There are currently 9.5GW of operational Offshore Windfarms in the UK with a further 1.3GW under construction (Source: National Grid TEC Register 1st October 2020). The UK has the largest Offshore Wind capacity in the world, accounting for roughly 25% of all installations and upcoming projects (Renewable UK). In Europe, the UK installed capacity equates to roughly 45% of total installations (Germany 34% and Denmark 8% are the next in line). Ownership of Offshore Windfarms are often split between different parties due to the considerable size of the schemes and the complexity and uniqueness of the installation.
Offshore Wind Development
Orsted are viewed as one of the leading Offshore wind developers in the world, and installed the world’s first Offshore windfarm in Denmark in 1991 (a 5MW site at Vindeby, consisting of 11 turbines). Since then, there have been significant improvements in the both the total size of the windfarms and the size of the turbines themselves. Hornsea One (Ortsed) is the largest offshore windfarm in the world at 1.2GW capacity. The individual turbines are 7MW in size and stand at 190m tall.
In the UK, Offshore Windfarms have been funded, in part, by government-backed subsidies. The CfD (Contracts for Difference) auction allows developers to bid into an auction, with the lowest priced projects awarded a contract. Developers bid in at a price (£/MWh) that they would be willing to sell the output from their windfarm back to the government. When the project is then built and becomes operational, this auction price is marked against the outturn wholesale price. In this way, the revenue is capped for the windfarm developer at the auction price that they bid in for (if the wholesale price outturns greater than the auction price, then the developer will pay the government the difference between the two prices), however, developers are also protected against price risk (if the wholesale price drops significantly, they will still receive their auction price as the difference between the two prices will be made up by the government).

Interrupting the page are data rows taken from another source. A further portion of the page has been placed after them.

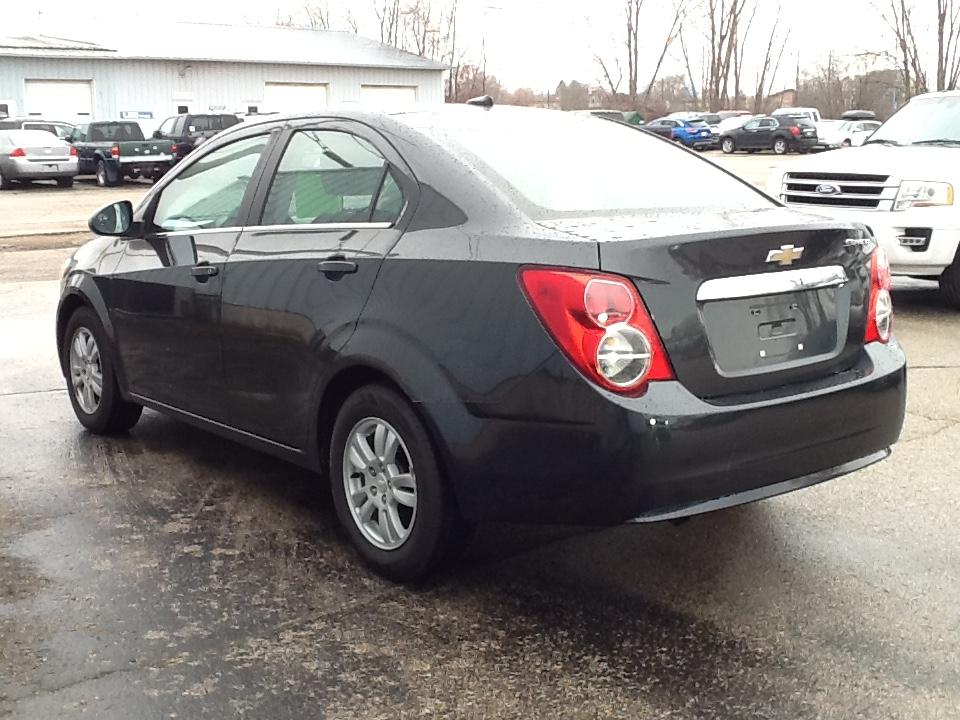 Chevrolet Sonic 4dr Sdn Auto LT 2014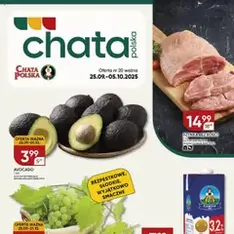 Chata Polska Gazetka - podgląd gazetki ważnej od 25.09.2025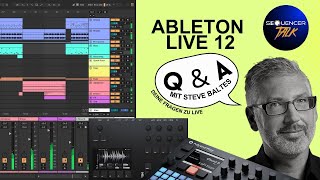 Ableton Live 12 QampA mit Steve  DAW vs Groovebox  SequencerTalk 190 [upl. by Vogeley]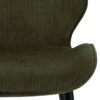 FEMKE Dining Chairs in Olive Green - Set of 4 - Image 5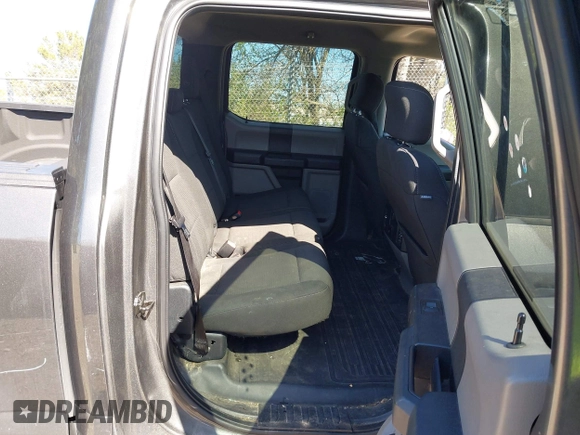 2017 Ford F-150 XL with VIN 1FTEW1EP4HKD67774, listed as a IAAI auction lot 42231049 with 139,222 mi miles and . Bid and sale history available at DreamBid. Image 8.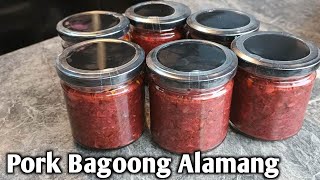 Pork Bagoong Alamang by mhelchoice Madiskarteng Nanay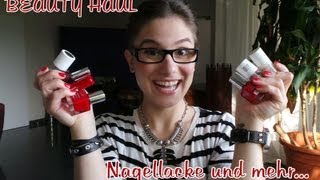 Beauty Haul dm  Nagellacke und mehr [upl. by Hose]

The most recent auction in September 2019 saw 5.5GW across six Offshore Windfarms projects successfully securing contracts. The auction witnessed accepted auction prices of £39.65/MWh, an almost 30% reduction on accepted prices from the previous auction in 2017, and 66% from the first auction in 2015! This highlights the significant drop in cost of Offshore Windfarms, making it one of the most cost effective generation types in the UK.
 Developers will still be impacted by negative pricing – as their revenue is capped at the auction price (say £50/MWh), the government will only pay them this value. If prices reach -£49/MWh, the developer will only make £1/MWh; if prices reach -£51/MWh, then the developer will run at a loss of £1/MWh.